Common Sense: Conservative Thinking for a Post-Liberal Age is the Manifesto of the most reactionary contingent of the Tory Party, gathered into the Common Sense Group. Within its Union Flag bedecked covers, the authors of this execrable booklet describe the oppressed (and anyone seeking to change the world, from Extinction Rebellion to Black Lives Matter), as extreme, subversive, ignorant, and arrogant. That is just on the first page, in John Hayes’s bellicose preface.
In his own contribution to this philistine anthology, Hayes goes further. In a delightful moment of forced alliteration, he declares that the left are ‘posing, posturing and positioning’, (one can almost feel the spittle) in competition for victimhood, conceited and comprised of an elite who reign tyrannical over the poor, misunderstood Brexit voter, the majority, the average person who still believes in common sense despite attempts from every liberal institution to subvert their reason. Black people, trans people and women are situated in this topsy-turvy narrative as oppressors. Hayes happily indulges in victimhood and conspiracy all the while decrying others for doing so. In a typical right-wing move, the right are at once cowed and hopelessly assailed by the nebulous left, but also somehow indomitably strong and supreme.
From the first line of this preface, the Common Sense Group are concerned with authenticity. They state as much clearly: ‘The Common Sense Group stands for authentic conservatism.’ This concern does not end with themselves. These Tories are deeply worried about the authenticity of us Marxists, too. Gareth Bacon writes of a dangerous ‘pseudo-Marxism’ in his piece on ‘Wokeism’. Meanwhile, in their piece on the media, James Sunderland and David Maddox mention ‘a quasi-Marxist movement on the liberal left’. Bacon even helpfully defines what is different between such an inauthentic (Woke) Marxism and, presumably, the authentic kind, which he regards with the wistfulness of a lost frenemy.

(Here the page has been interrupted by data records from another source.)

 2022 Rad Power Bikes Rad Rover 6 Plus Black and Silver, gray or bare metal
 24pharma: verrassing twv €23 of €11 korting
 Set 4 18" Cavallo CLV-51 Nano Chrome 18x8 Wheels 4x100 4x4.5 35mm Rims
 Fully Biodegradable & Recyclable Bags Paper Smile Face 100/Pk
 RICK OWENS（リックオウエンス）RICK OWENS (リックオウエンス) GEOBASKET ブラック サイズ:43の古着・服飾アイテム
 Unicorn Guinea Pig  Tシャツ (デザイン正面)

‘Woke’ as Bacon conceives it is truly demonic. It is not surprising that it killed Marxism, since its scope is so boundless and yet its presence so hard to detect, that without presenting as a clear coherent thing it puts the entirety of western civilisation under threat. Woke is truly vast in its anarchistic and destructive ambitions (desiring the perversion of every possible society’s necessary foundations), but simultaneously so heterogeneous it defies the usual expectations of an ideology whatsoever.
The ‘woke’ ideology, such as it is, is fragmented in nature, appears to lack this end-destination and is perhaps more akin to desire for anarchy than to a conventional political ideology. The unifying driving force behind the ‘woke’ perspective is an intense hostility to western civilisation, a desire to push against established cultural norms and an attempt to distort – to the point of perversion – the generally accepted facts upon which a society is founded.
gareth BACON MP – WHAT IS WOKEISM AND HOW IT CAN BE DEFEATED?
Marxism proper, however, is something simpler, neater. The picture of the Marxist approach is framed as a far more respectable opponent for a Tory MP. It is not, after all, unified by a perverse drive to destroy every cultural norm, but rather just a mild-mannered economic theory of the classes that seeks to champion workers. Woke ideology is said to have abandoned this quite quaint commitment, discarding the proletariat in favour of minorities, about whom authentic Marxists should be presumably indifferent.
In this sense, the ‘woke’ ideology is pseudo-Marxist in its approach – whereas Marxist economic theory divided the world into economic classes of ‘oppressor’ and ‘oppressed,’ in the ‘woke’ ideological worldview of the identity politics of the cultural and social sphere, the ‘oppressed’ are not the economic proletariat but the combination of minorities or those otherwise disadvantaged by the ‘heteronormative cisgender white patriarchy:’ BAME people, LGBT people, women etc.
gareth bacon mp – what is wokeism and how it can be defeated?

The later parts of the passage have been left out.